À l’intention des producteurs qui voudraient vérifier s’ils ont un problème de stress thermique, Véronique Ouellet décrit différents indicateurs. Elle divise ceux-ci en deux catégories. Il y a, d’une part, les indicateurs reliés aux animaux. « C’est tout changement observable avec les yeux en lien avec le stress thermique, précise-t-elle. Par exemple, une chute de production ou un taux de respiration anormalement élevé. » D’autre part, il y a les indicateurs environnementaux. « Nous, on se fie à l’indice de température-humidité, explique-t-elle. C’est un peu comme quand on indique le facteur humidex chez l’humain. »

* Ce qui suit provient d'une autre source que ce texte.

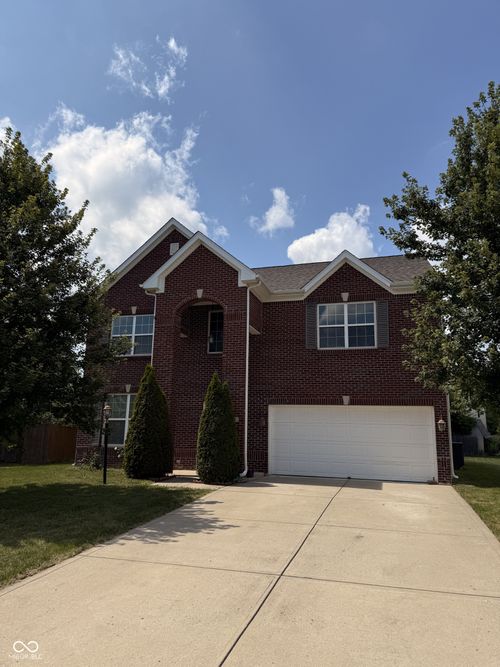 7824 Newhall Way, Indianapolis, IN, 46239-8927 | Card Image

Le calcul de cet indice est relativement complexe. Toutefois, la chercheure fournit des repères. À 21 0C et 50 % d’humidité relative (HR), l’indice de température-humidité (THI) atteint 67. À 22 0C et 70 % HR, le THI passe à 69. À 23 0C et 90 % HR, le THI grimpe à 73. Elle note que la tolérance à la chaleur varie en fonction du climat, de la génétique, du niveau de production, de la race et du moment de l’année. Celle-ci varie aussi selon le stade physiologique de l’animal. Par exemple, une tarie n’a pas la même tolérance qu’une taure.

« En général, un THI de 68 est associé à une baisse de la production de lait », indique Véronique tout en soulignant que cette observation a été faite sous d’autres climats que le nôtre. « Au Canada, poursuit-elle, les recherches ont révélé que les composantes du lait sont beaucoup plus sensibles à un stress thermique que le volume de lait. Dans le cadre d’essais scientifiques, on a observé des baisses des composantes à 65, 60 et même 58. »

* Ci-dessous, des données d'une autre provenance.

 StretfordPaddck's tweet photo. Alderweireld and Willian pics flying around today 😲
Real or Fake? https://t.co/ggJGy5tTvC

Sébastien Fournel termine en se faisant rassurant. « Les étables québécoises ont généralement tout ce qu’il faut pour gérer le stress thermique, dit-il. Il s’agit de garder en tête les bonnes pratiques que nous avons présentées. »

Il fait néanmoins une mise en garde à l’intention des producteurs désirant s’équiper pour mieux combattre le stress thermique : « Tout ce qui est stratégie de refroidissement à l’eau est à prendre avec un bémol. C’est à utiliser seulement en cas d’absolue nécessité, car cela augmente l’humidité relative dans l’étable. »

Sébastien Fournel signale qu’un ventilateur sale peut perdre jusqu’à 24 % de son efficacité.